__About this task__.
Look in the data below for the line that has "Custodia Karl Lagerfeld", then print exactly every line from there through the line that has "Modulskab til indbyggede", leaving pictures out.

__Records for the task__.

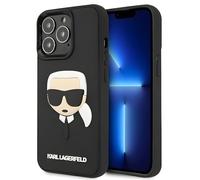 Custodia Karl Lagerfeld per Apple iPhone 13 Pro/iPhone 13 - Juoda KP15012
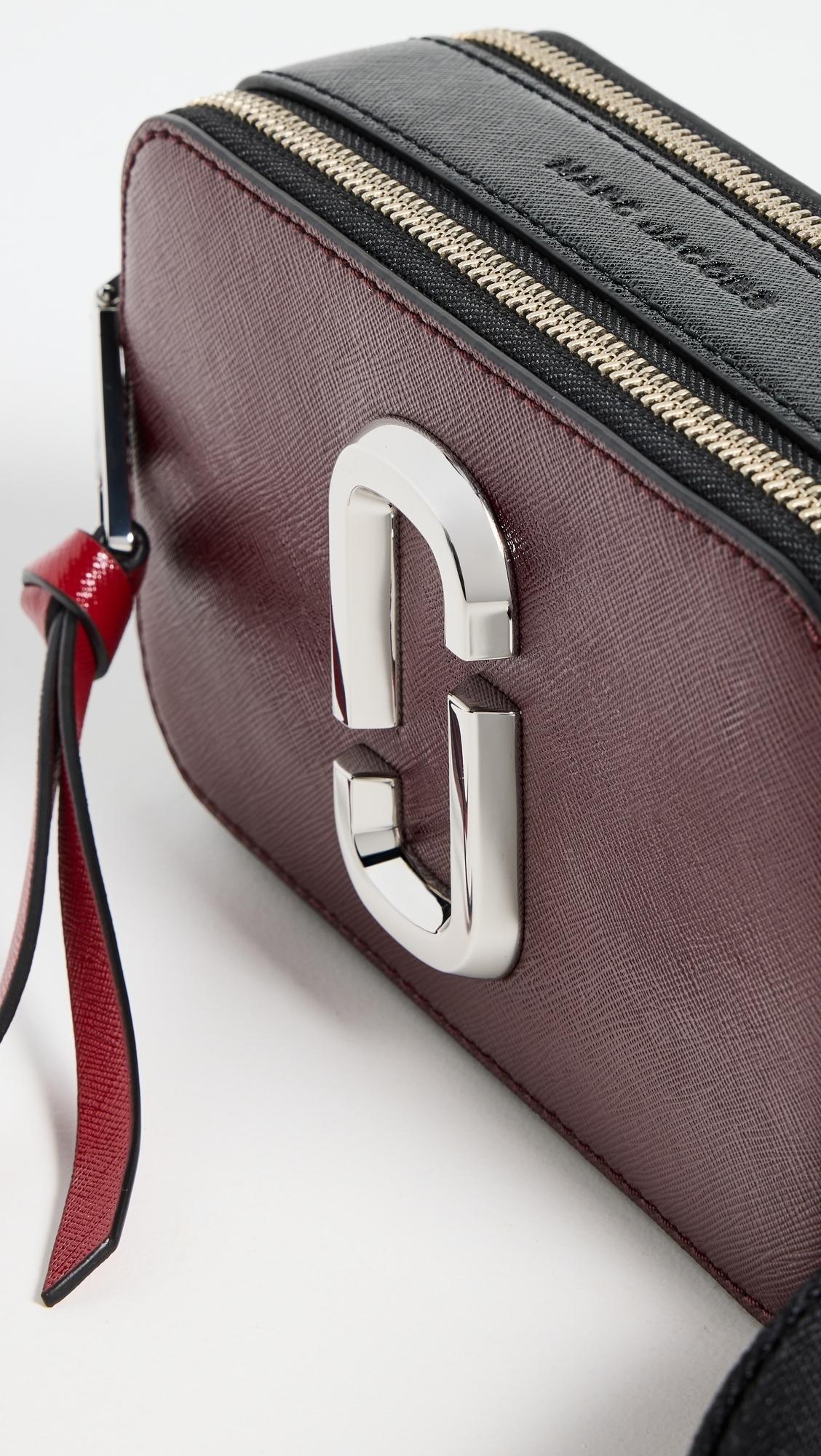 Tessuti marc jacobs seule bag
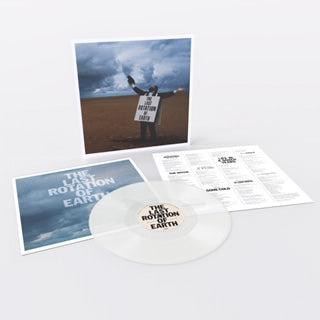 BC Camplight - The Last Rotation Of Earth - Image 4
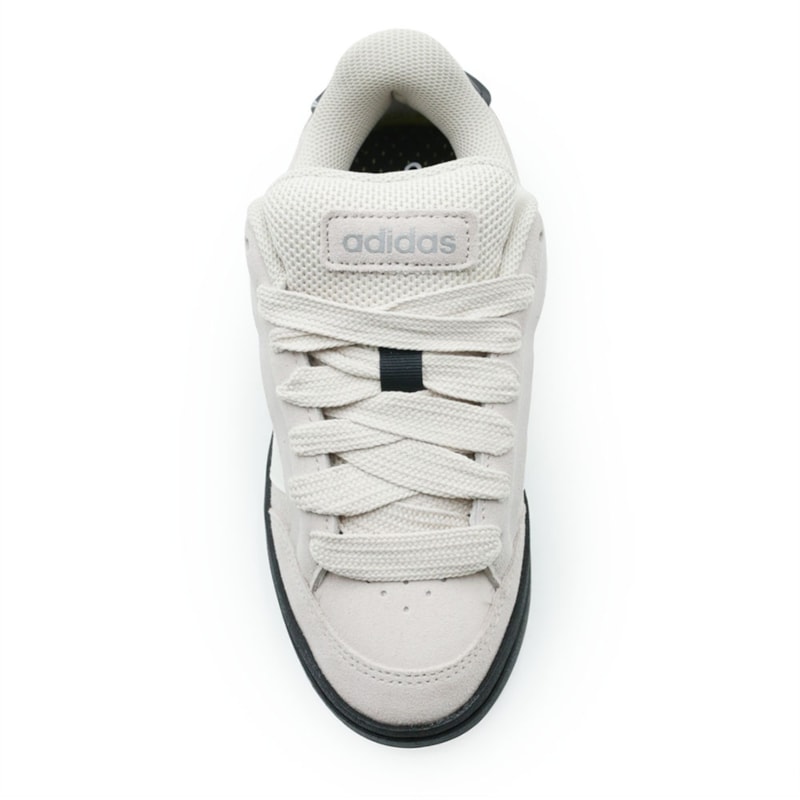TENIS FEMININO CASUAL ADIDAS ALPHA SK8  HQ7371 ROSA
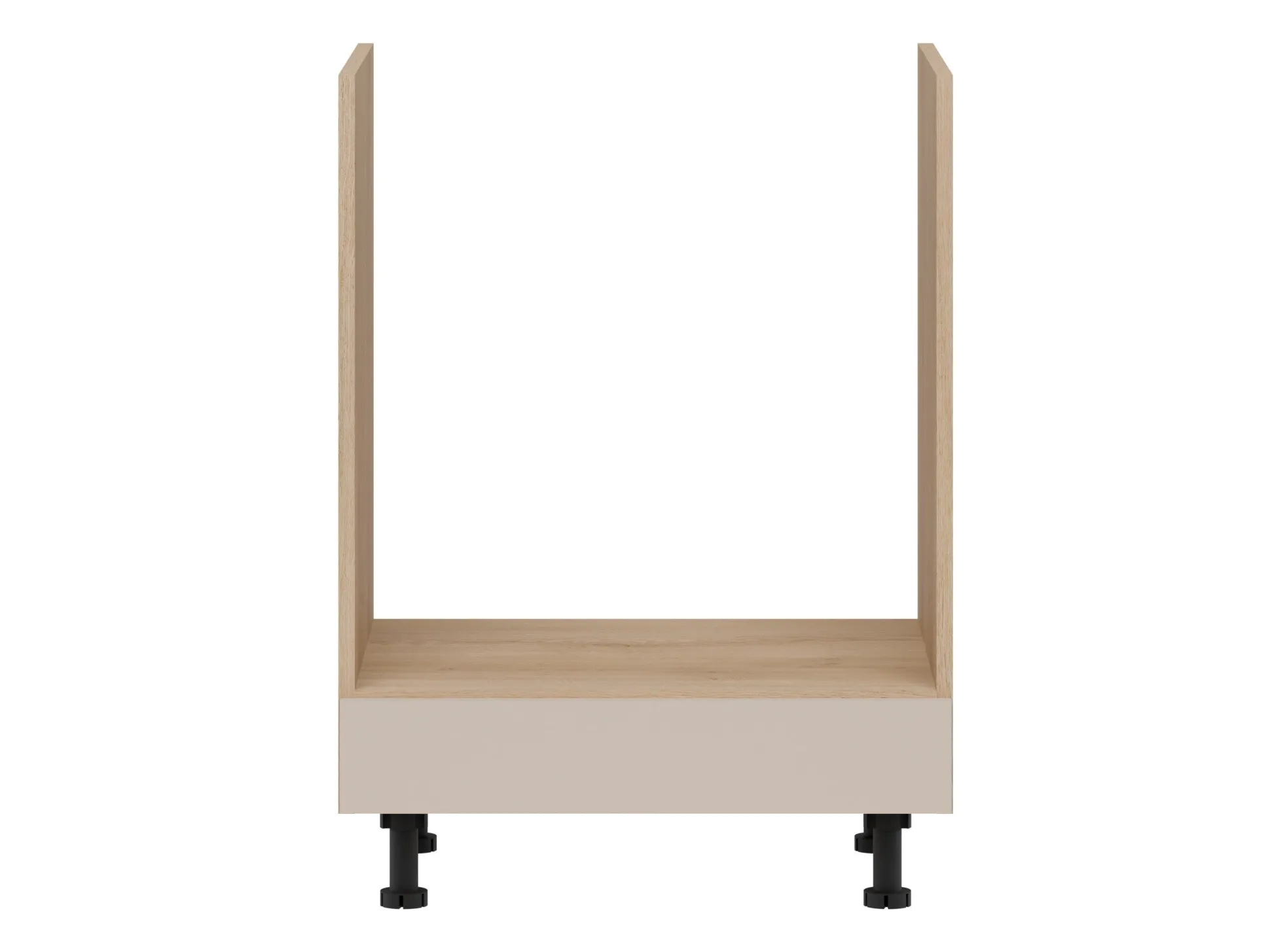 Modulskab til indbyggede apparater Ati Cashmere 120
==
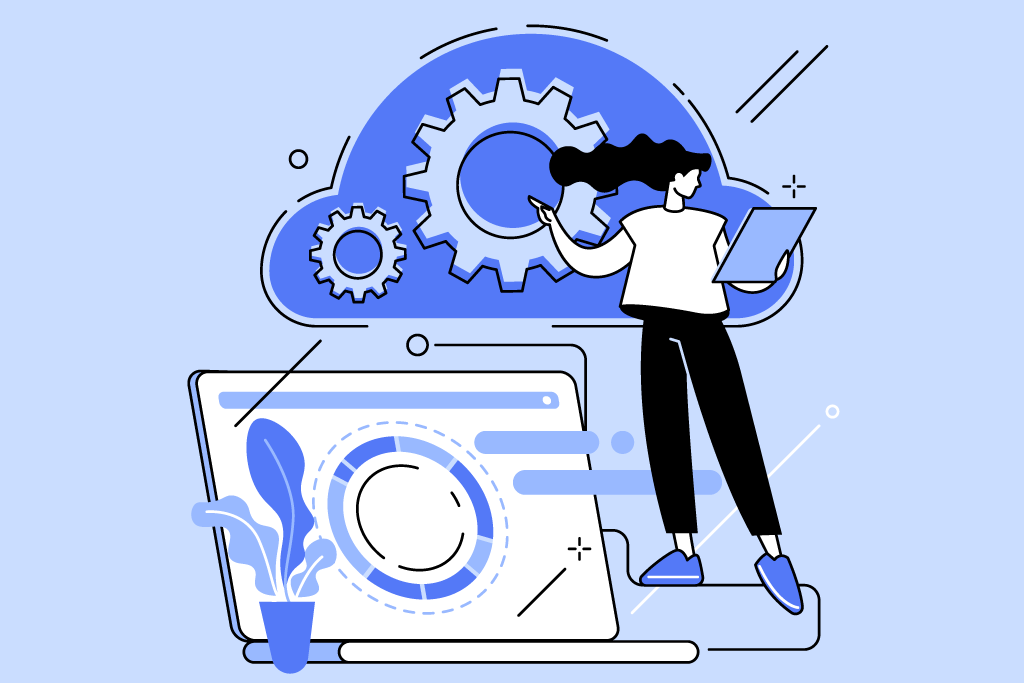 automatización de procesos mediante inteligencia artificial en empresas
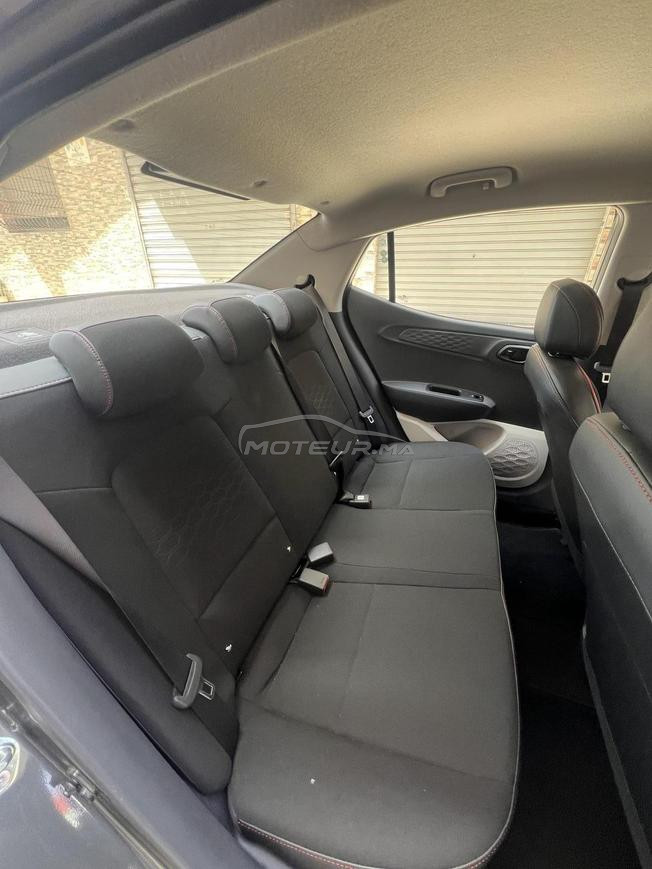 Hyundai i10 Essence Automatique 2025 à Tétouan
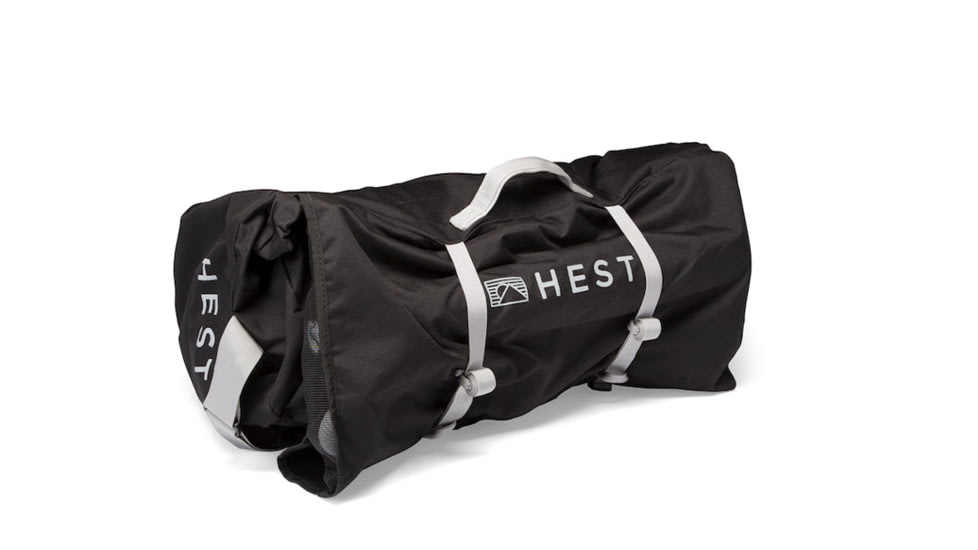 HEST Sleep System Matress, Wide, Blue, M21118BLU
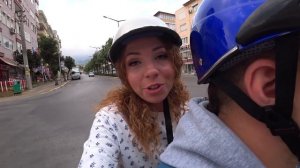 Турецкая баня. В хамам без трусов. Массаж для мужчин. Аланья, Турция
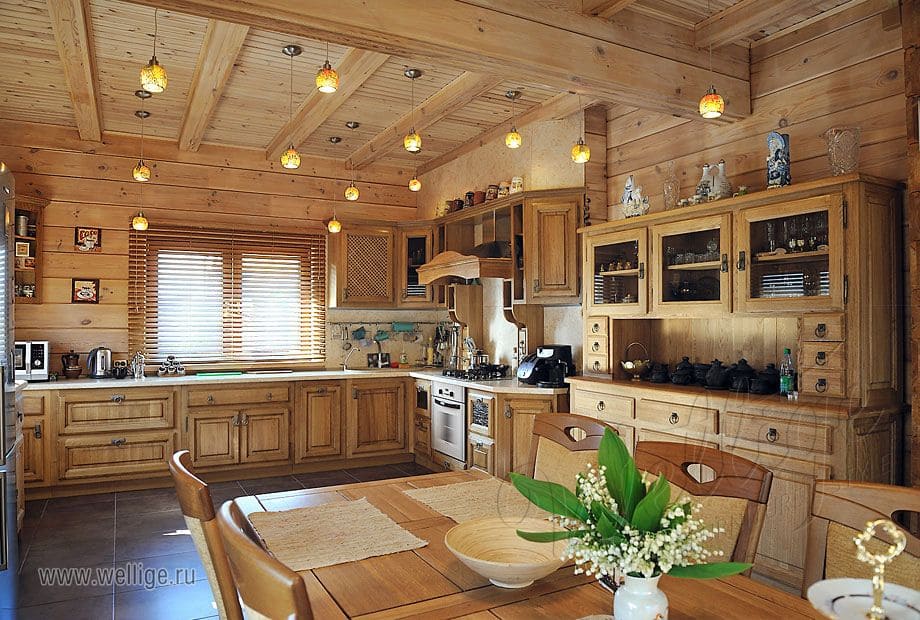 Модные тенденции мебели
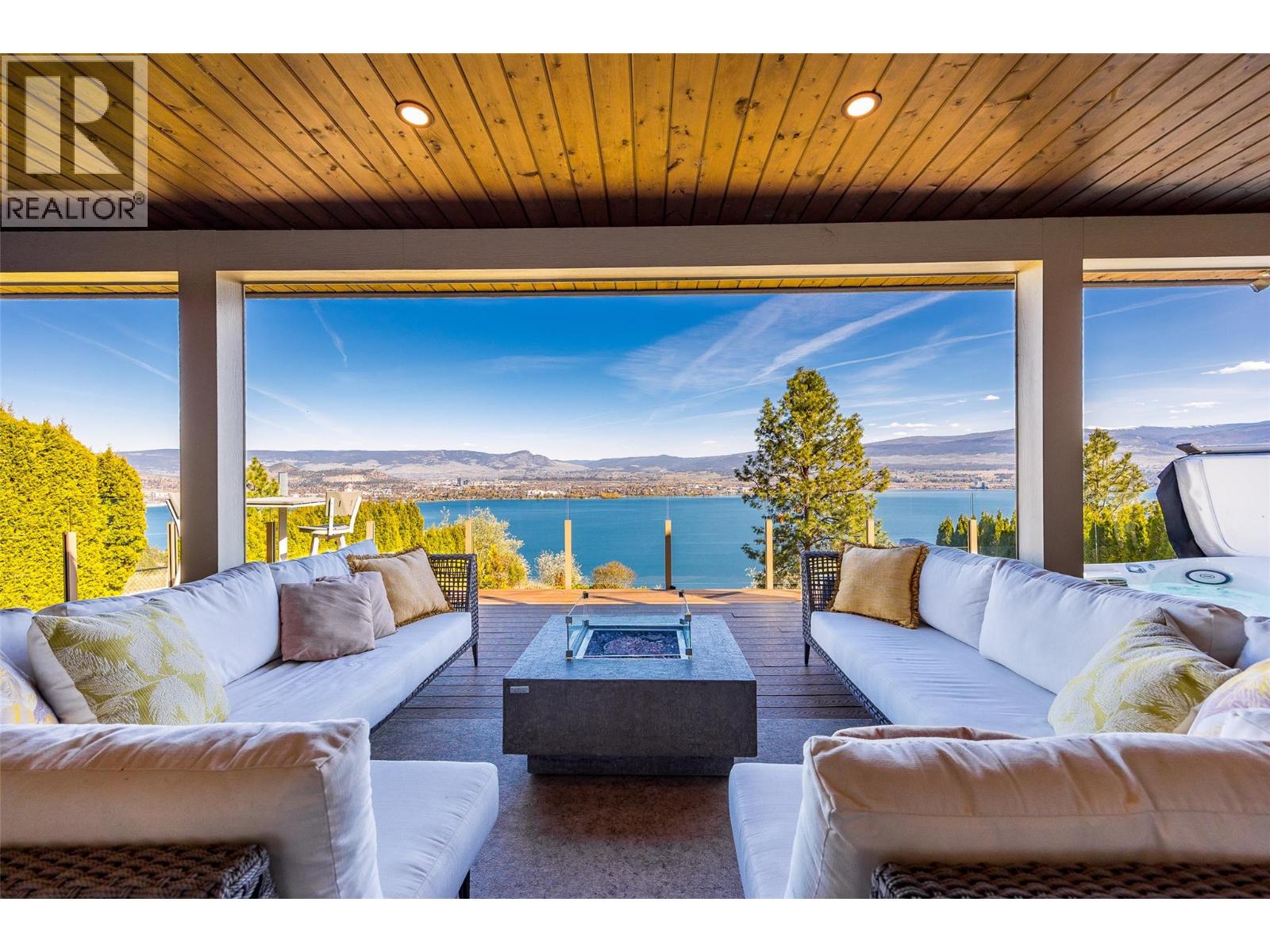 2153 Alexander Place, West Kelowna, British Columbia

__Expected output__.
 Custodia Karl Lagerfeld per Apple iPhone 13 Pro/iPhone 13 - Juoda KP15012
 Tessuti marc jacobs seule bag
 BC Camplight - The Last Rotation Of Earth - Image 4
TENIS FEMININO CASUAL ADIDAS ALPHA SK8  HQ7371 ROSA
 Modulskab til indbyggede apparater Ati Cashmere 120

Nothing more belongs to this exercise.